Develop a web crawler in 90 seconds
Background
Scraping on the web is an interesting thing, which allows you to collect web data through automated spider programs and it reduces a lot of manual work. Before the emergence of good spider frameworks, developers had to use simple HTTP requests plus web page parsing to develop spider programs, such as Python requests + BeautifulSoup. Data storage modules such as MySQL, MongoDB are integrated into more advanced spider programs. But because of the development inefficiencies and lack of robustness, building a comprehensive and production-ready crawler may take a couple of hours. I name this kind of web crawlers as Non-framework Crawlers.
In 2011, the Twisted-based web crawler framework named Scrapy become aware by the public and also the “second-to-none” high-performance asynchronous crawler framework. Scrapy has abstracted several core modules, which allows developers to focus on data extraction, rather than some fussy modules such as data downloading, page parsing and task coordination. Developing a production-ready Scrapy spider only takes about ten-ish minutes, or up to one hour with complicated requirements. There are also many good frameworks such as PySpider and Colly. I would call those spiders Framework Spiders. The Framework Spiders have released the productivity, and they are in corporate use in production environment with modification to crawl at a large scale.
However, for those who would like to crawl hundreds of sites, the Framework Spiders could be out of their capability. And developing spiders becomes manual work. For example, if the average time for developing a Framework Spider takes 20 minutes and a full-time spider developer works 8 hours per day, developing 1,000 sites would require 20,000 minutes, 333 hours and 42 workdays. Yet we can employ 10 full-time spider developers, but this would take 4 workdays to complete (as in the figure below).
This is again very inefficient. To overcome this efficiency issue, Configurable Spiders are created.

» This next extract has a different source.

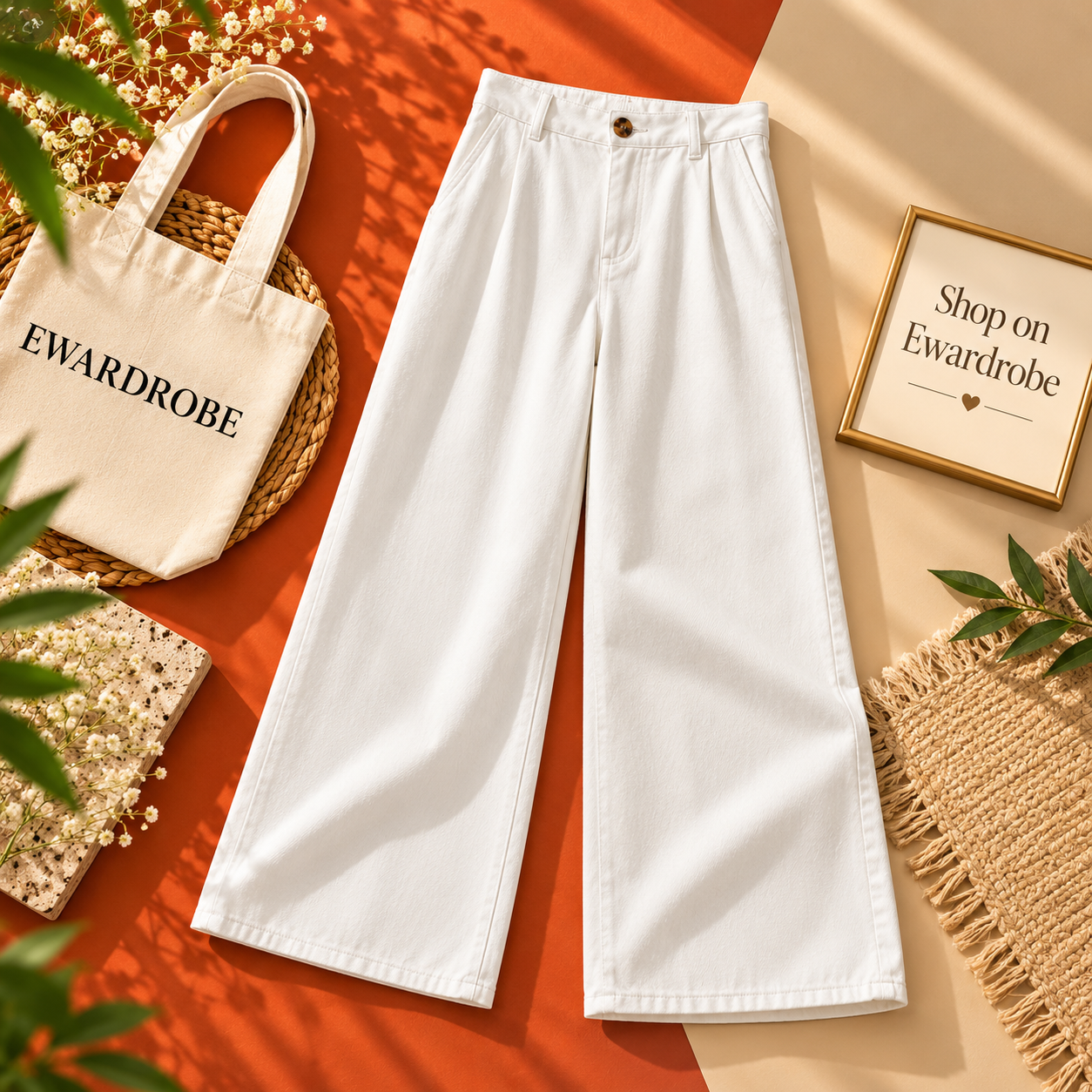 White Wide Leg Jeans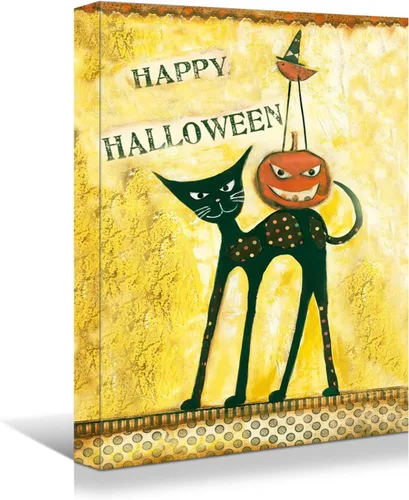 Vista 14 de Wewejia -Lienzo de Halloween pintura de pared de máscara de Halloween rojo/azul fantasma imagen póster impresiones de Halloween arte de pared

Introduction of Configurable Spiders
Configurable Spider as its literal meaning, is a spider which allows users to crawl data based on configured crawling rules. A Configurable Spider is a highly-abstracted spider program. Developers don’t have to write any spider code. Instead, they only need to configure site URLs, data fields and data attributes in the config files or database, read by a special spider program which would crawl web data accordingly. The Configurable Spiders abstracted the spider code into config info, which streamlined the spider development process. In this way, spider developers only need to make corresponding configs to complete a spider’s development. Therefore, developers would be able to use the Configurable Spiders to write large-scale spiders (as in the figure below).

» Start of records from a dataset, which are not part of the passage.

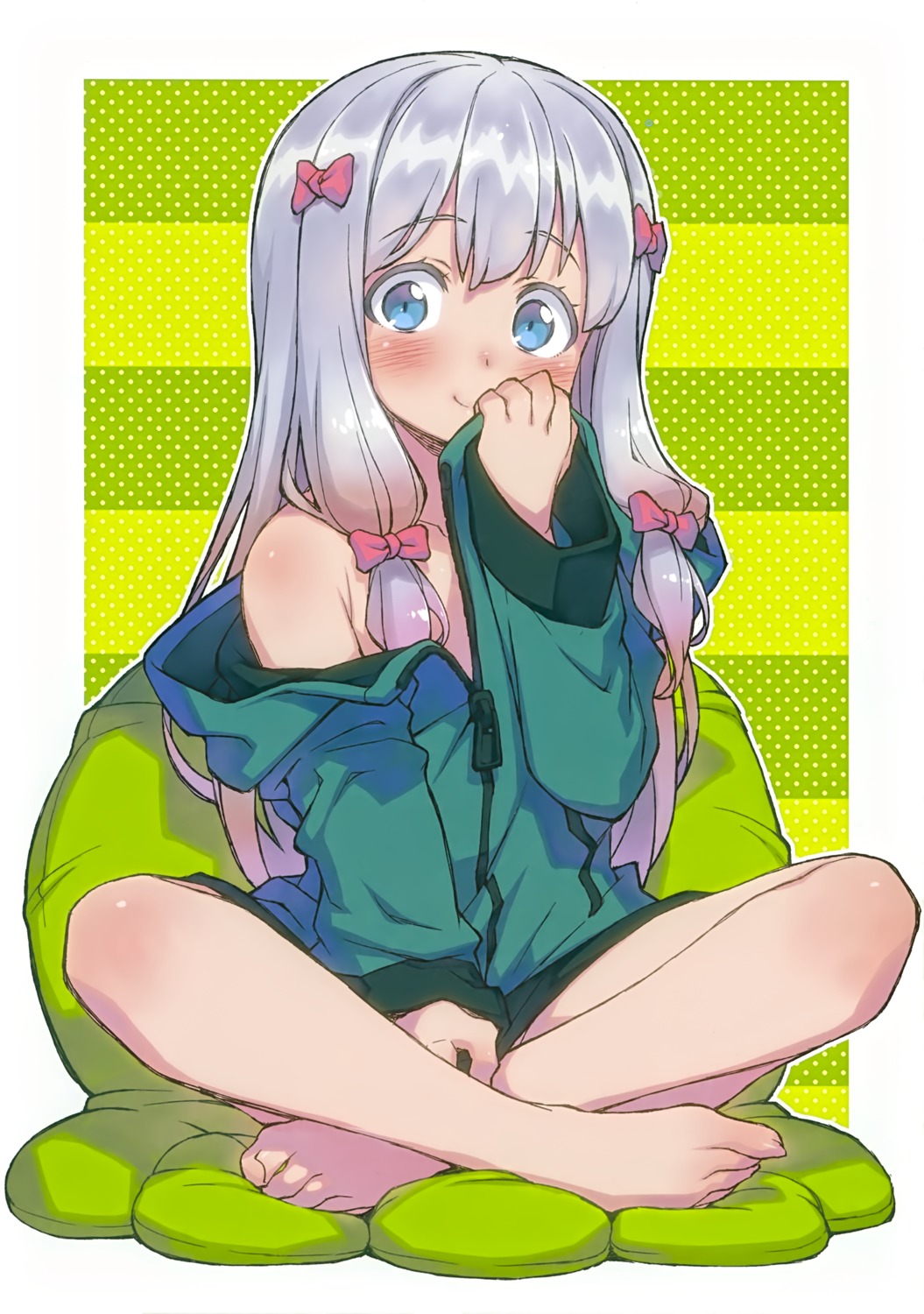 eromanga-sensei feet izumi_sagiri open_shirt tabgraphics tamori_tadaji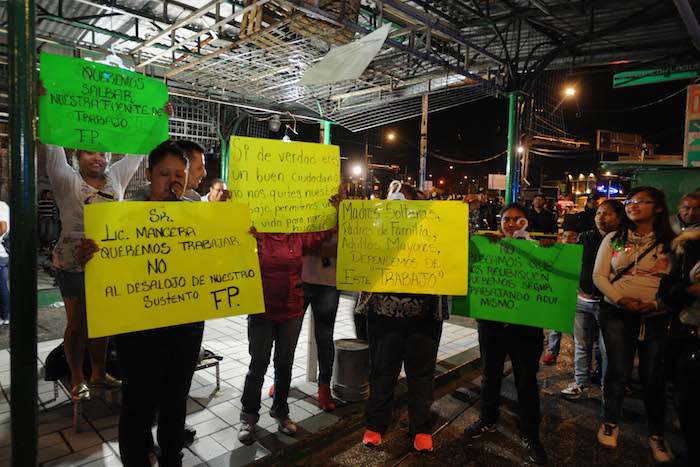 Comerciantes Se Manifiestan Contra El Operativo De Esta Madrugada En Tepito Foto Cuartoscuro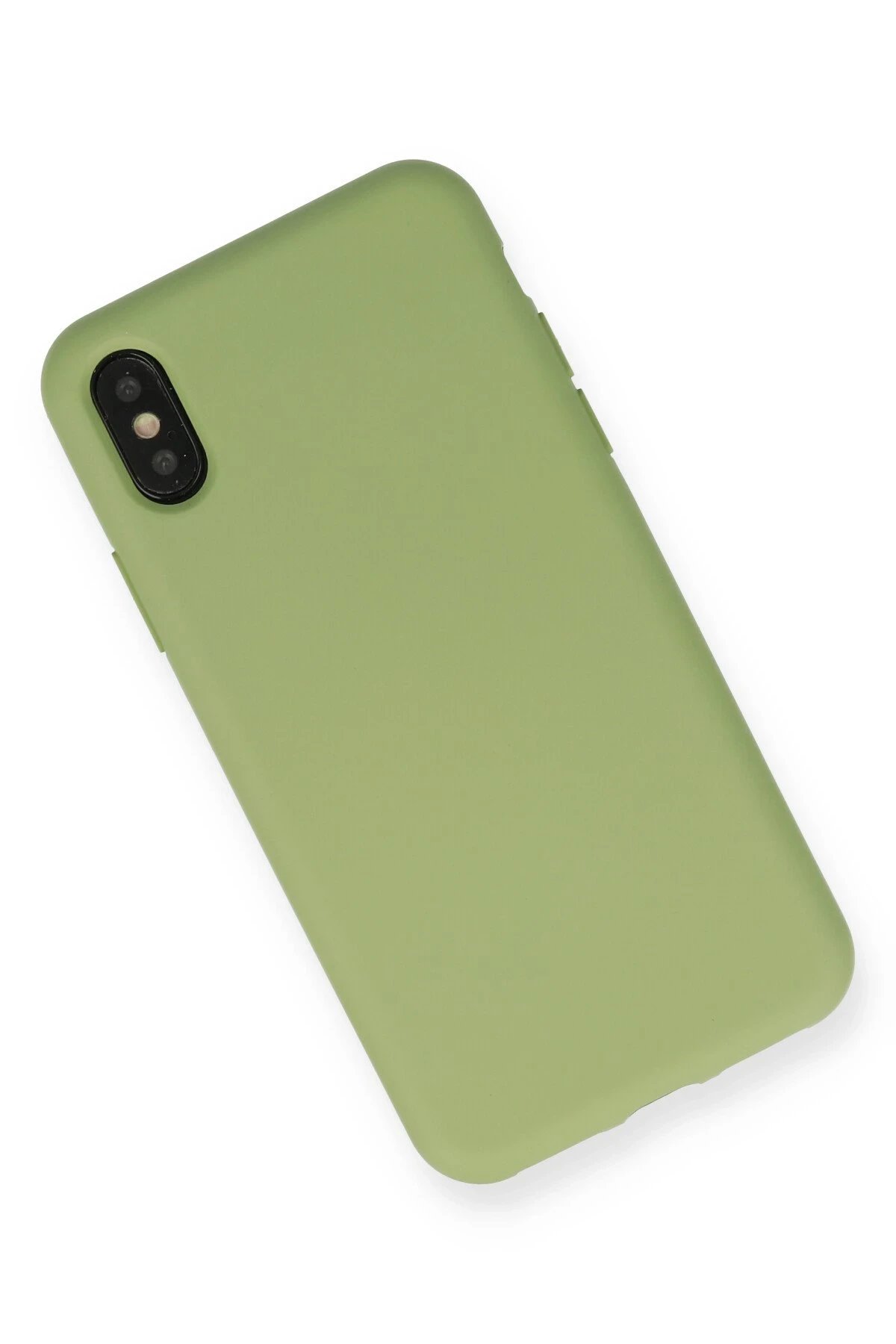 Newface iPhone XS Max Kılıf Nano içi Kadife Silikon - Yeşil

This method make it possible for crawling hundreds of sites. A proficient spider configurer can configure 1,000 news site spider. This is very important to companies who require public sentiment monitoring, because the Configurable Spiders have increased productivity, reduced the unit working time cost and improved development efficiency, which makes it convenient for sentiment analysis and AI product development. Many companies are developing their own Configurable Spiders (the namings might be different, but actually the same thing) and have employed spider configurers to focus on configuring spiders.

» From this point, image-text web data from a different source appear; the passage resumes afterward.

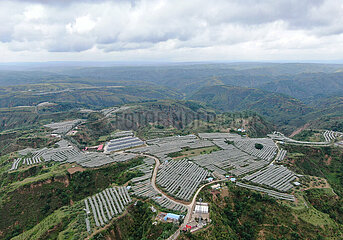 China-Shaanxi-Yan'an-Aerial View (CN)
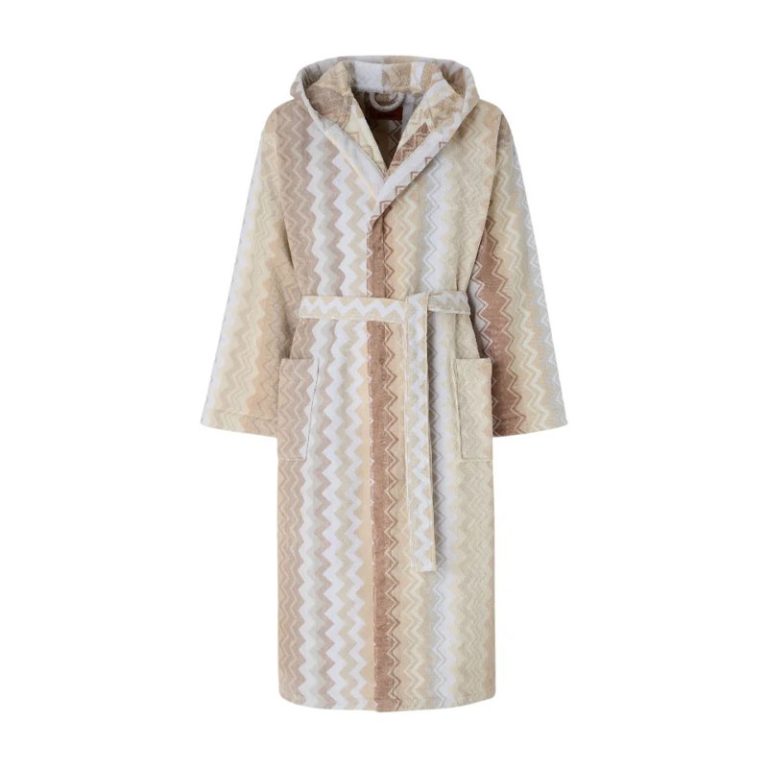 badekåpe giacomo 21 i beigetoner fra Missoni home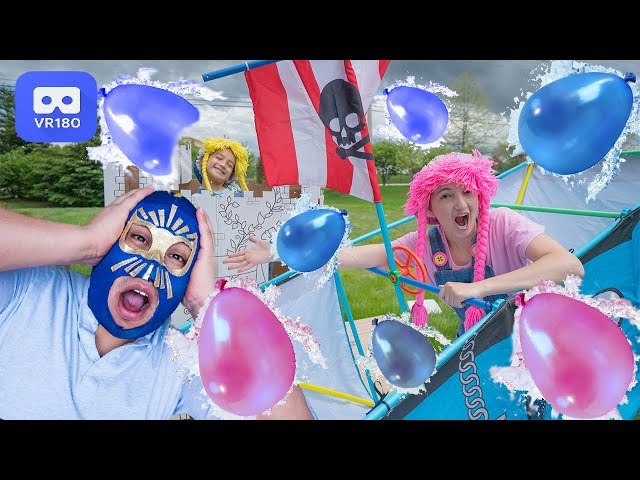 Water Balloons Freeze Game in VR 180 S4:101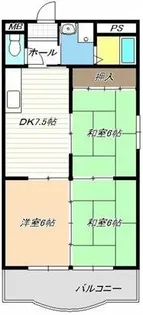 宝勝ハイツ【0301号室】の間取り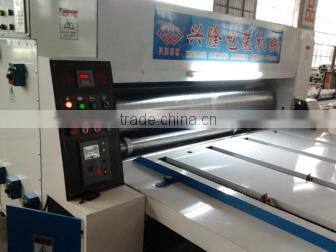 Two color printing rotary die-cutting machine for cartons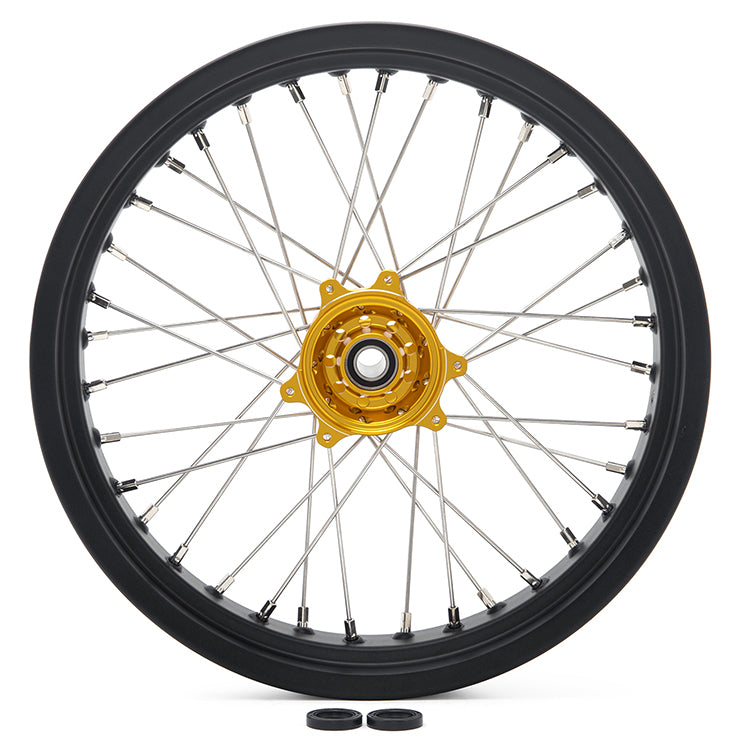 Aluminum Front Rear Spoke Wheel Rim Hub Sets for Sur-Ron Ultra Bee 15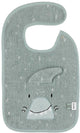 Trixie slab baby blauw katoen mr. shark verstelbaar - biologisch.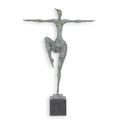 A MODERNIST BRONZE SCULPTURE OF A FEMALE NUDE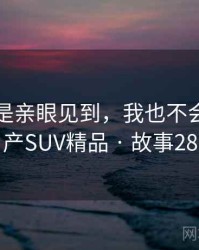 如果不是亲眼见到，我也不会相信国产SUV精品 · 故事28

There are not many open-source Configurable Spider frameworks available on the market. Earlier there is a framework named Gerapy developed by the spider guru Germy Cui who is working in Microsoft. It is a crawler admin platform, which is able to generate Scrapy project files based on config rules. A newer Configurable Spider framework is Crawlab, though it is a highly flexible spider admin platform. In v0.4.0, Crawlab released its Configurable Spider. Yet there is another framework named Ferret based on Golang. It is quite interesting as Ferret makes developing spiders as easy as writing SQL statements. There are some other commercial products, but they seem not professional enough in production use according to the user feedbacks.
The emergence of Configurable Spiders is mainly due to the simple patterns of web crawlers. It is basically the combination of list pages and detail pages (as in the figure below), or simply list pages. There are certainly some other more complicated general spiders, which could also being implemented through rules configuring.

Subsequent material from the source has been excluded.